歴史家の視点から国際情勢・時事問題などについて語るブログ

慰安婦問題-岸田外相の譲歩案への疑心暗鬼

 本日放送されたNHK日曜討論において、慰安婦問題について韓国側と様々なルートを通して交渉し、妥結を図りたいとする岸田外相の発言があったそうです。この発言、一体、何を意味しているのでしょうか。

 仮に、日本国側が、韓国側の主張と要求を全面的に認め、謝罪と賠償に応じることを意味しているとしますと、日本国民の反発は必至です。韓国内外に慰安婦像も教科書の記述も放置され、”日本軍朝鮮女性20万人強制連行説”が史実として定着するとなれば、日本国政府は、歴史の改竄に協力し、自国民の名誉を傷つけた罪を背負うことにもなります(たとえ、今後、韓国がこの問題を再提起しないとしても、史実として定着したのでは、日本国は不名誉を被ったままとなる…)。それとも、この発言は、日本国に対して”妥結案”の提出を求めた韓国側に対する、間接的な回答なのでしょうか。日本国側の一方的な提案ではなく、コンセンサス方式を採用する方針の伝達かもしれませんが、双方の”事実認定”さえ全く違う状況での政治的妥協は、韓国の圧力の下における政治的作文であった河野談話の二の舞となます。むしろ、日本側からの提案を求められたのをチャンスと捉え、国際司法による解決か、せめて第三国を介した仲介、調停、仲裁等を試みるべきです。また、具体的な”妥結”の方法としては、財政支援を想定しているようですが、既に、日本側から年間1500万円の資金が拠出されているそうです。今後、この額を1億円程度に増額するとも報じられておりますが、「アジア女性基金」でも、多額の使途不明金が発生したことを考慮しますと、この拠出金も、どこに消えるかわかりません。しかも、証言が変遷していますので、元韓国人慰安婦を名乗る人々が、人身売買の真の被害者である確証もないのです。

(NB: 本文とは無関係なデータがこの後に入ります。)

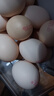 1号会员店 可生食标准鲜鸡蛋30枚 净重3斤 1号会员店自有品牌  源头直发 实拍图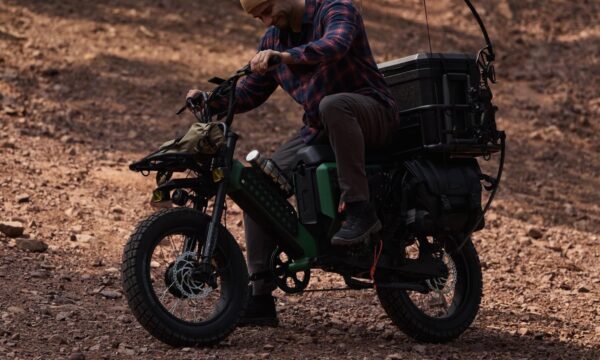 The PawkyMo AR Series Review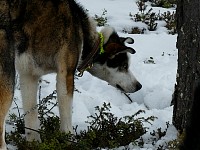 Sled dog Milhouse munching vegetation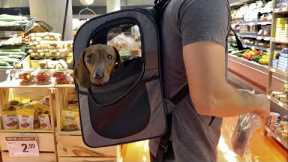 Mini dachshund goes grocery shopping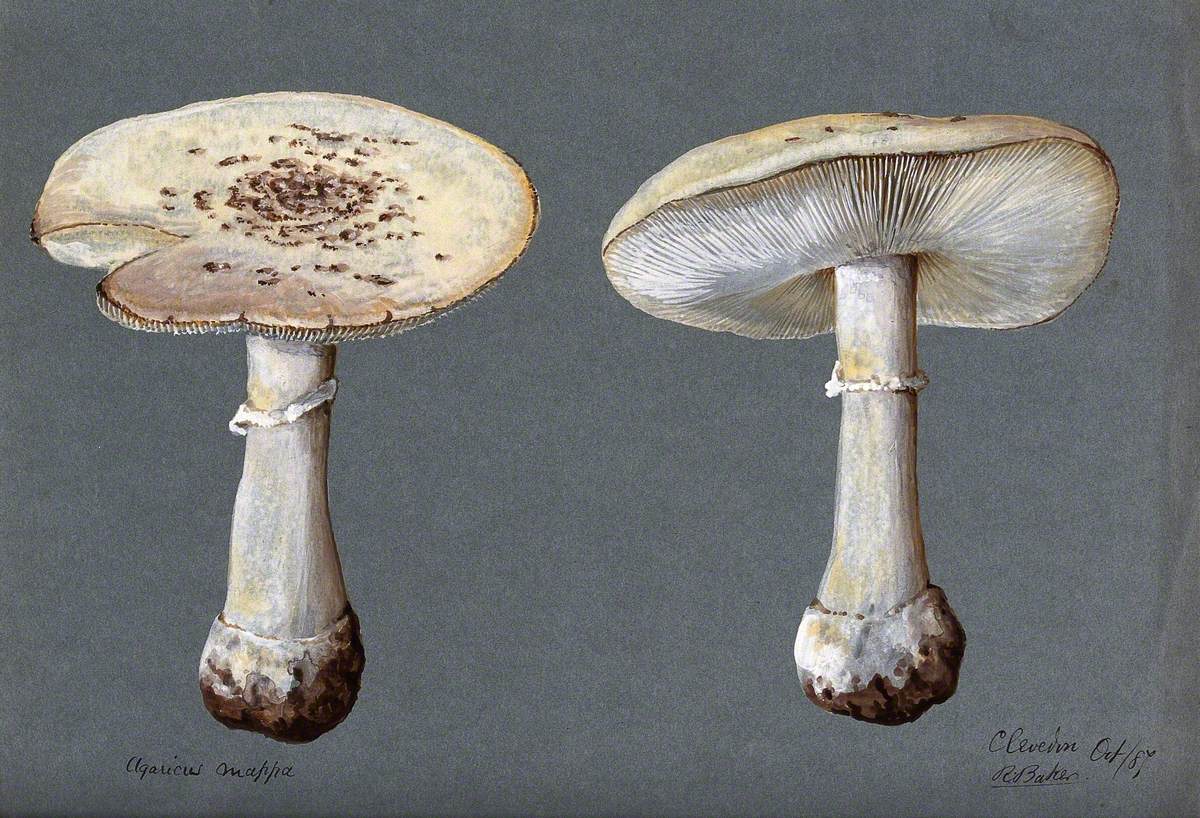 The False Death Cap Fungus (Amanita Citrina): Two Fruiting Bodies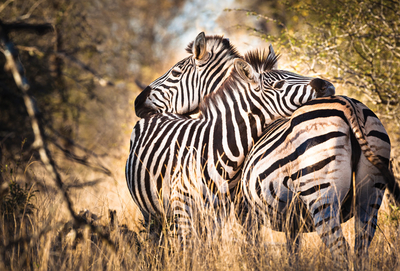 Two zebras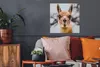 MuchoWow® Poster Lama - Selfie - Boom 50x50 cm - Produktbild-Vorschau 2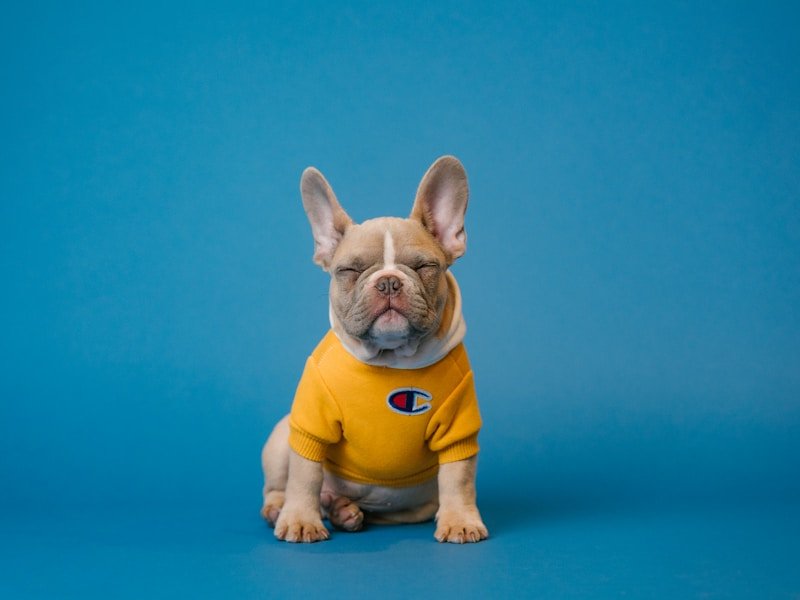my dog has diarrhea and vomiting — pet care illustration - My dog has diarrhea and vomiting causes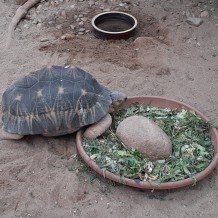 SŠ - ZOO Dvůr Králové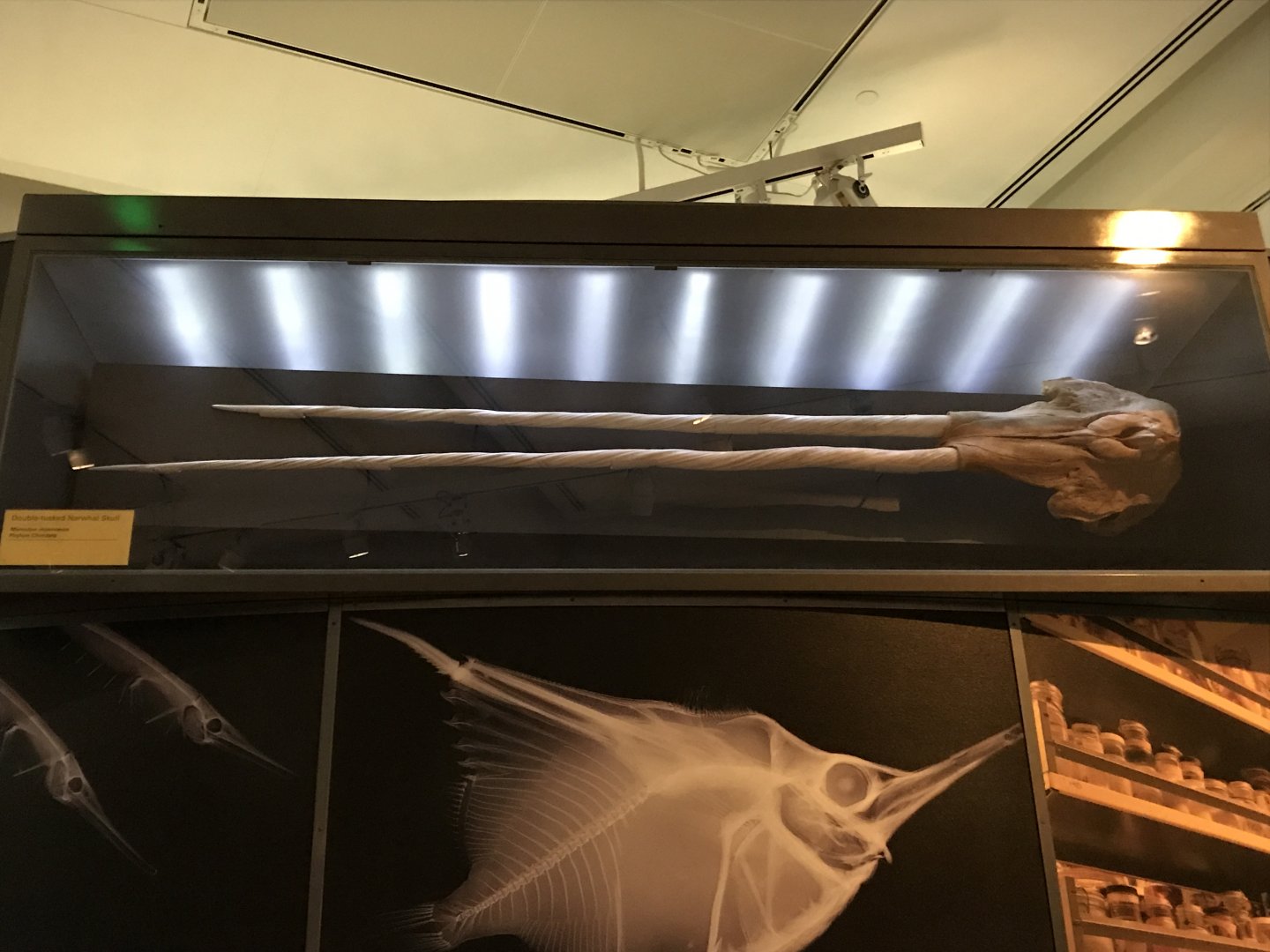 Two Tusked Narwhal Skull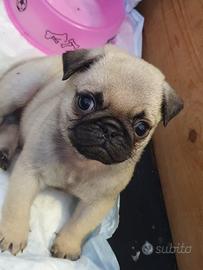 Carlino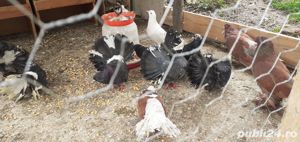 Porumbei voltati negri si albi  - imagine 2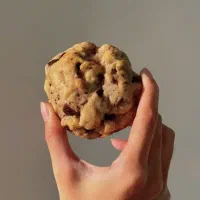 کیک وکوکی خانگی|خدمات پذیرایی، مراسم|اراک, |دیوار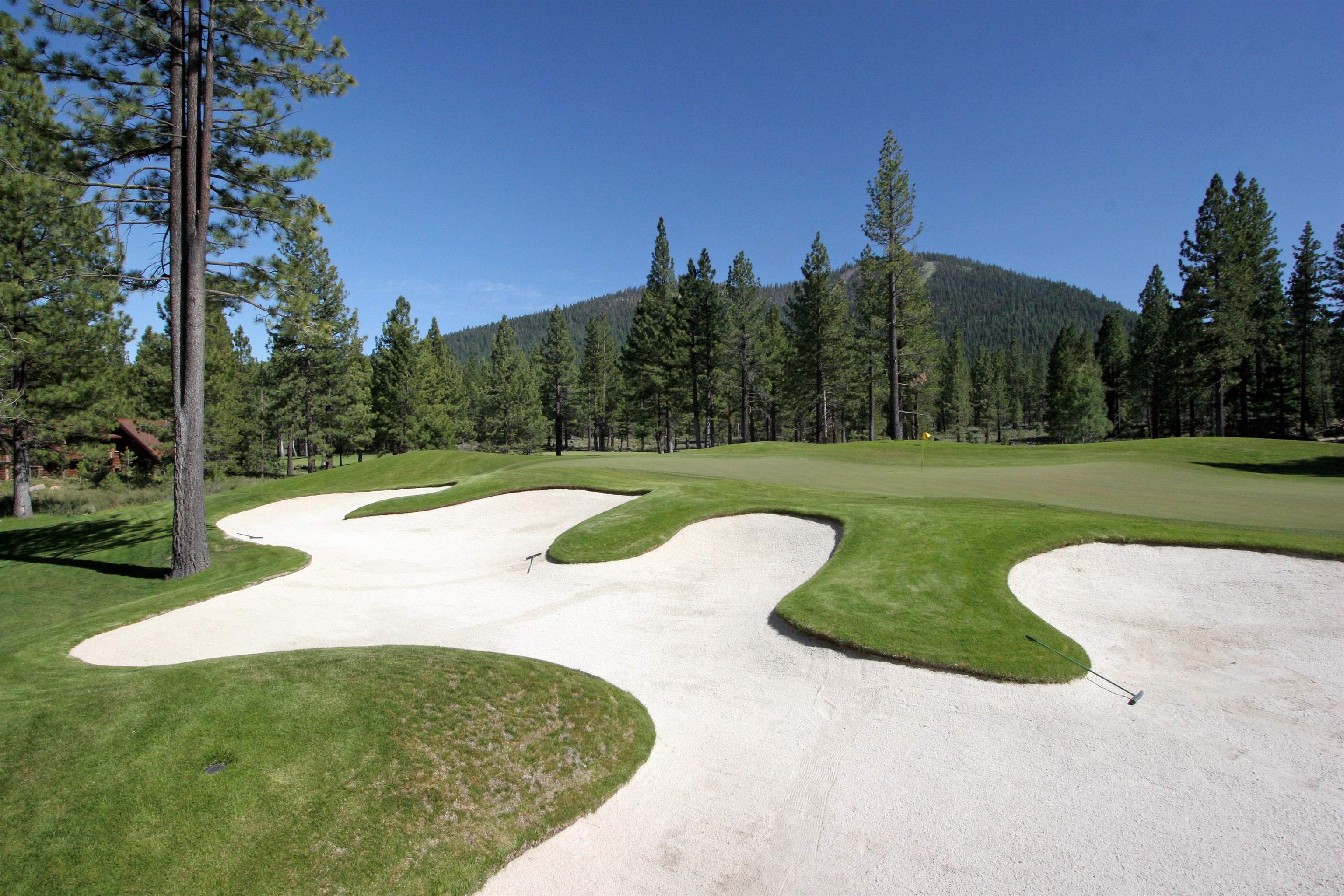 11302 Elle Ellen Truckee, CA 96161 - Photo 4 of 21 a view of a park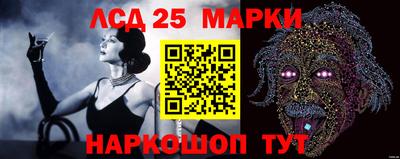 mdma Камышлов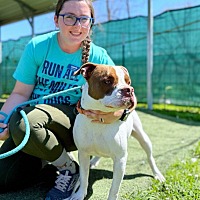 adopt a pet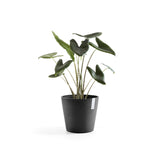 ECOPOTS© Amsterdam 30 cm - Ecopots South Africa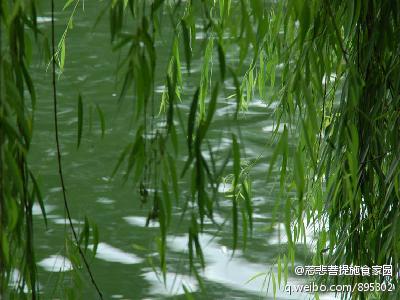 慈悲菩提施食家园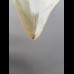 8,1cm Museumsqualität tooth of Megalodon shark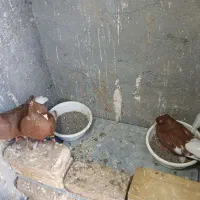 کفتر|پرنده|مشهد, هفت تیر (نه دره)|دیوار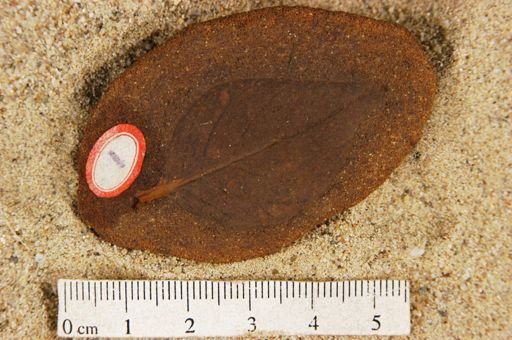 Populus kansaseana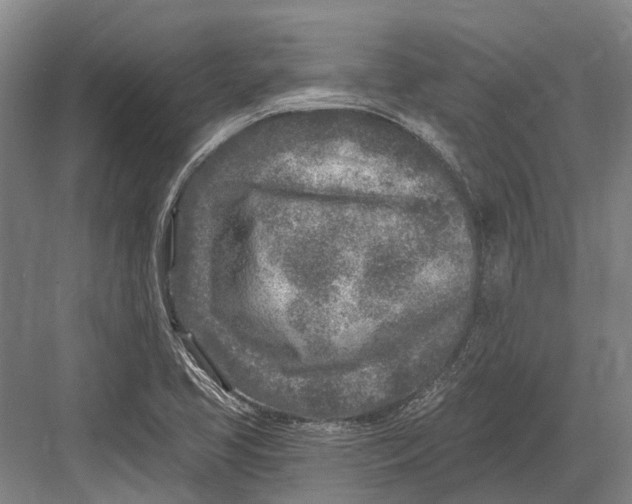 X0000082731413200702161855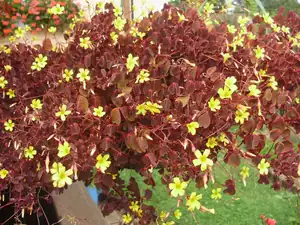 Oxalis
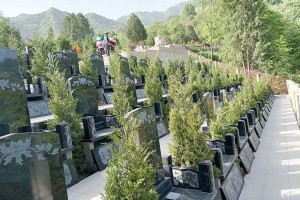 单人墓和双人墓的建墓规定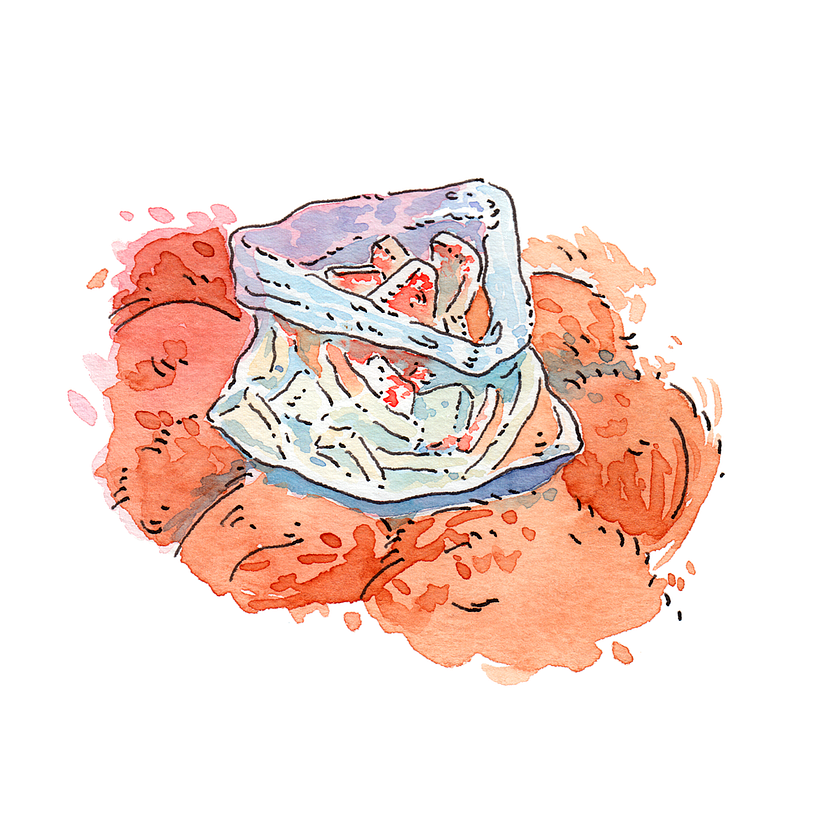 Street Vendors of Tlaxcala: Watercolor Series 4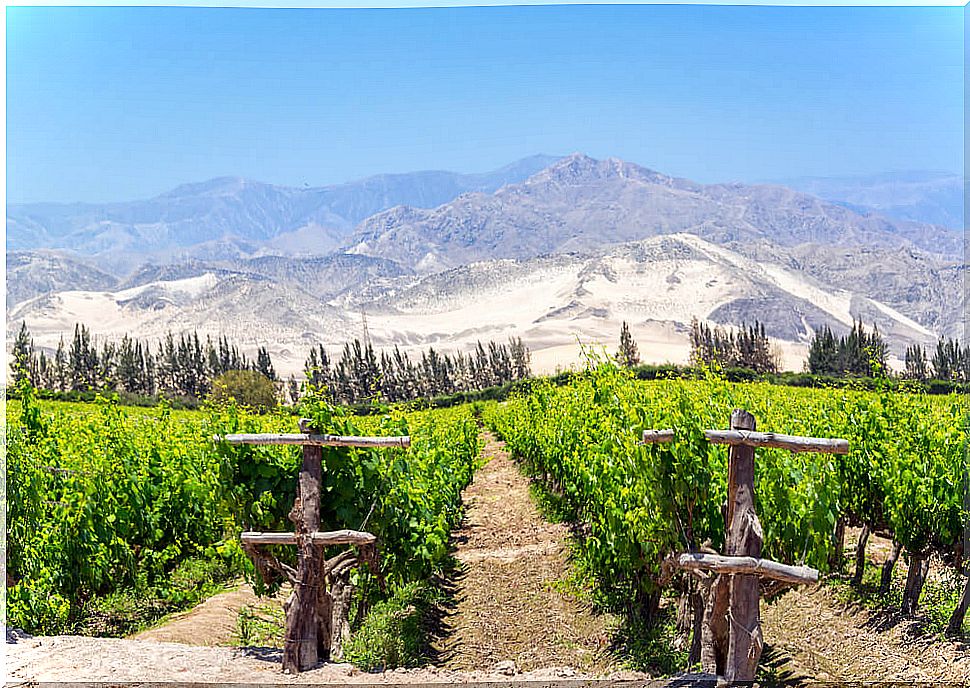 Vineyards in Pisco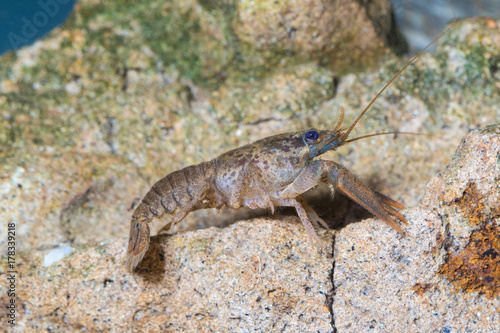 European crayfish  astacus astacus in the pond
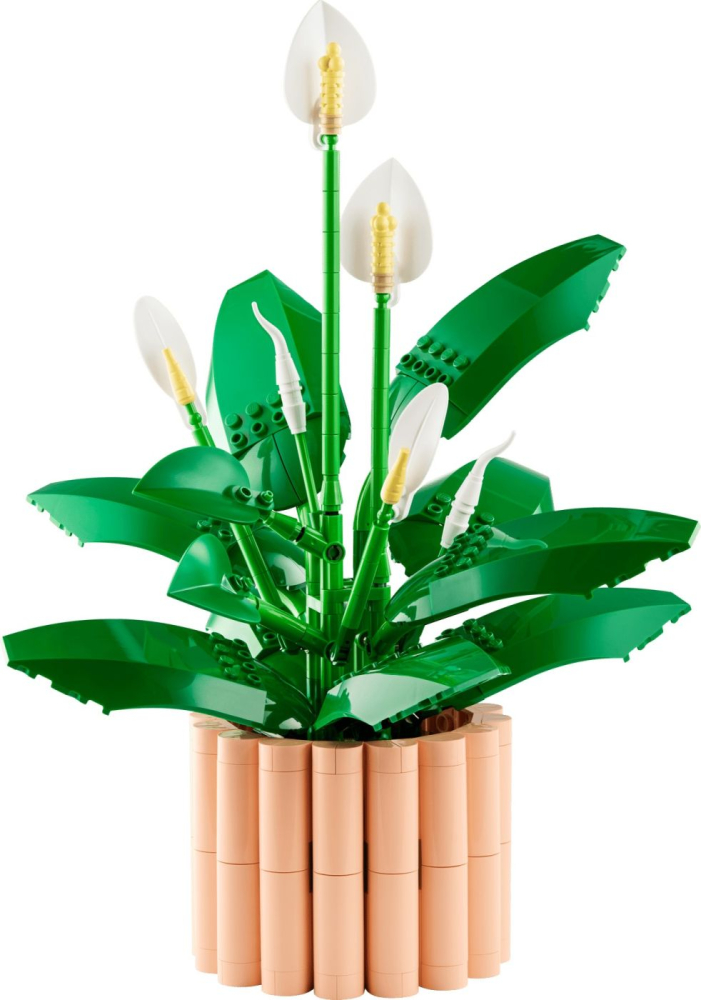 LEGO BOTANICALS CRINUL PACII 11504 [3]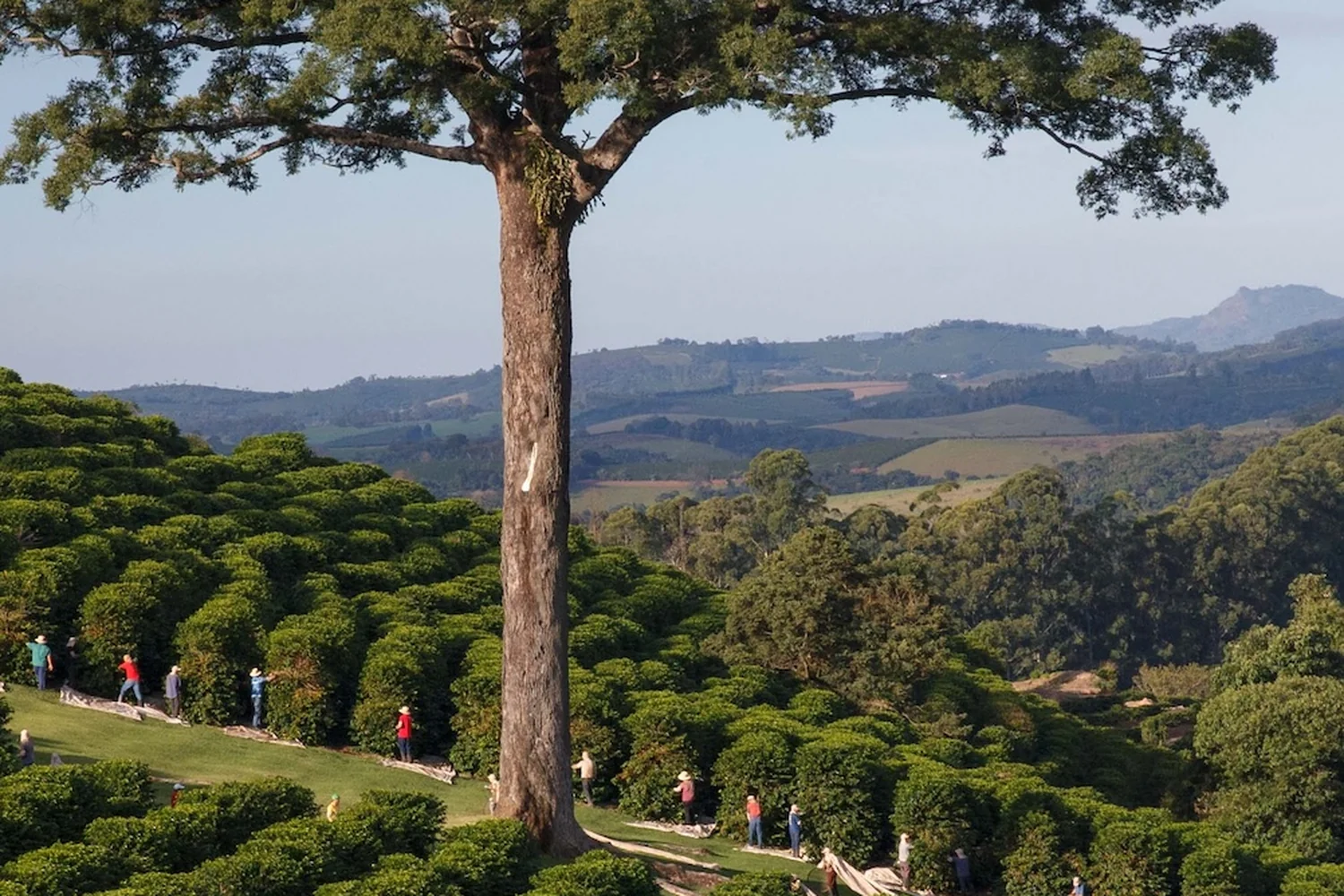 Café Orfeu, Cup of Excellence producer in Brazil, Minas Gerais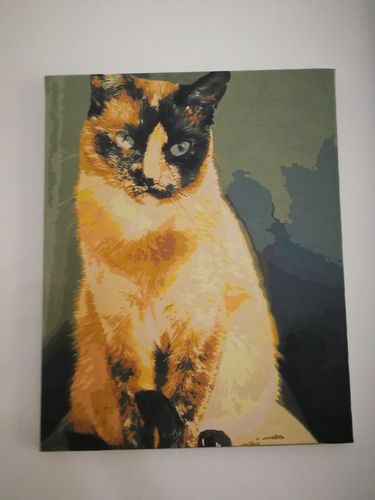 Customer photo review of Pintar por numeros personalizado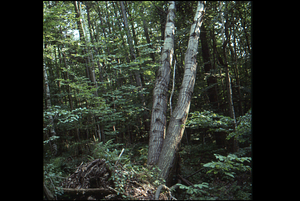 Wind tip-up of quaking aspen following 15 July 1995 storm.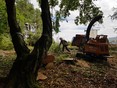 Image 11 for 247 Tree Surgery Limited t/a Kingdom Sawmill Co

 3年半ぶりとなる日韓首脳会談については、韓国側では自国に有利な成果はなかったと評しているそうですが、仮に、慰安婦問題が日本国側の一方的譲歩により”妥結”するとなりますと、日本国は、名誉を含め多くのものを失います。岸田外相の譲歩発言に国民の多くは、疑心暗鬼となっているのではないでしょうか。